Mowaps are covered in thick fur and range in color from white to light gray. They walk on four legs and grow up to one foot tall and 18 inches long. Mowaps also have tails that are typically the same length as their bodies. When they are born, they weigh approximately three pounds and can grow up to twenty pounds as a mature adult. Mowaps typically have a lifespan of twelve years in the wild. Only one mowap is known to live in captivity and is currently four years old.
Mowaps are social animals. They form groups which are called “families.” The families usually consist of two parents and their offspring. When the offspring reach maturity, they remain with the family until they find a mate. The mating process produces only one offspring and the mowaps will typically have between three and five offspring. The gestation period lasts 15 weeks.

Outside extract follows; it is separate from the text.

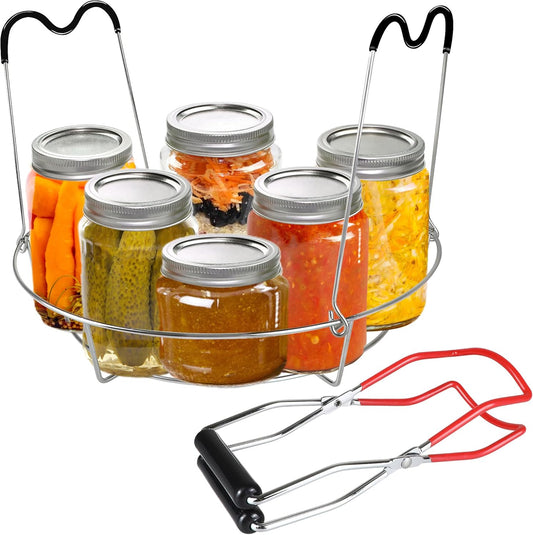 12In Stainless Steel Canning Rack with Contour Handles, Holds 7 Pint or 6 Quart Jars in Pressure Canner Pot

Mowaps have a diet that consists of mostly insects. Infant mowaps drink milk that is produced by the mother for approximately two weeks until they begin to eat insects that are caught by the father. Once the mowap reaches six weeks of age, the father will begin teaching the offspring how to hunt for insects. Male and female mowaps hunt for food, but once a female produces offspring the male mate will provide the insects going forward. Hunting is usually done in the early morning as the sun is rising.

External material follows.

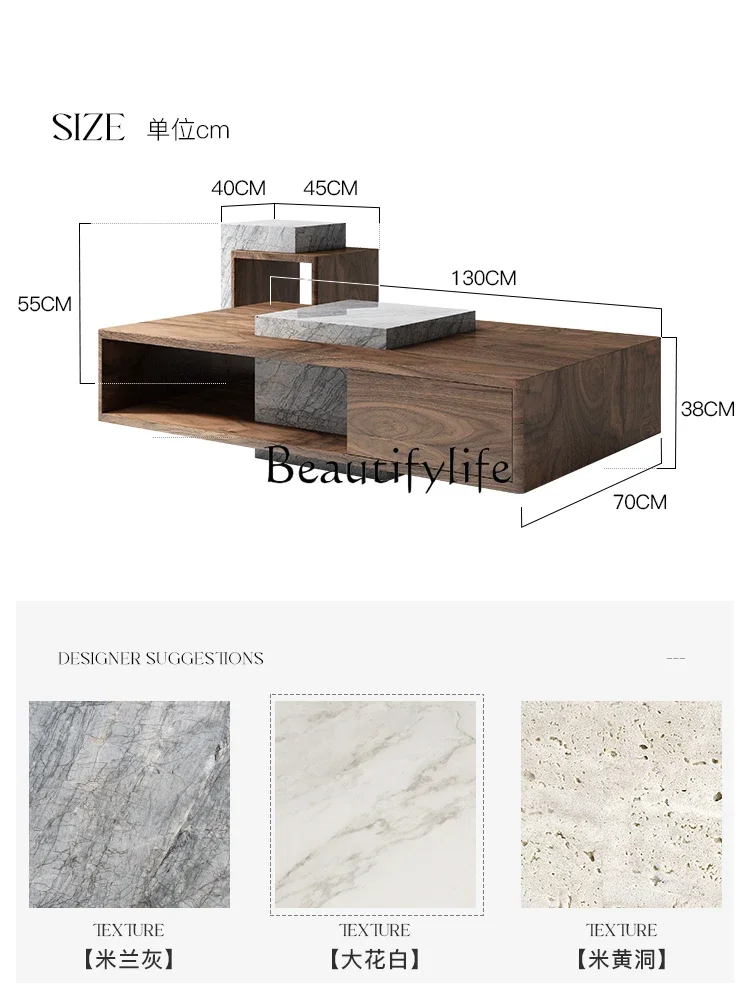 S Natural Marble Coffee Table Walnut Chinese Style Small Apartment Living Room Designer Retro Coffee Table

Mowaps are intelligent animals. They communicate by making chirping noises that scientists believe are a form of language. The mowap families can be heard using this chirping language throughout the daytime. At night, they typically remain quiet and sleep for approximately ten hours. Families sleep in one nest and huddle together to keep warm. They also wrap their tails around their bodies to create more body heat.
Mowaps have become endangered over the past fifty years. Many of the wooded areas where they make their homes have been cleared for development or have been logged. Without an abundance of safe dwelling spaces to live, mowaps become prone to predation. Bears, coyotes, and wolves are among the common predators that mowaps fall prey to. Another threat to the mowap population is a common virus called mowapitis. An infected mowap with mowapitis can spread the virus by being in close contact with another mowap. Mowapitis will commonly spread to each family member and the survival rate is approximately one in three.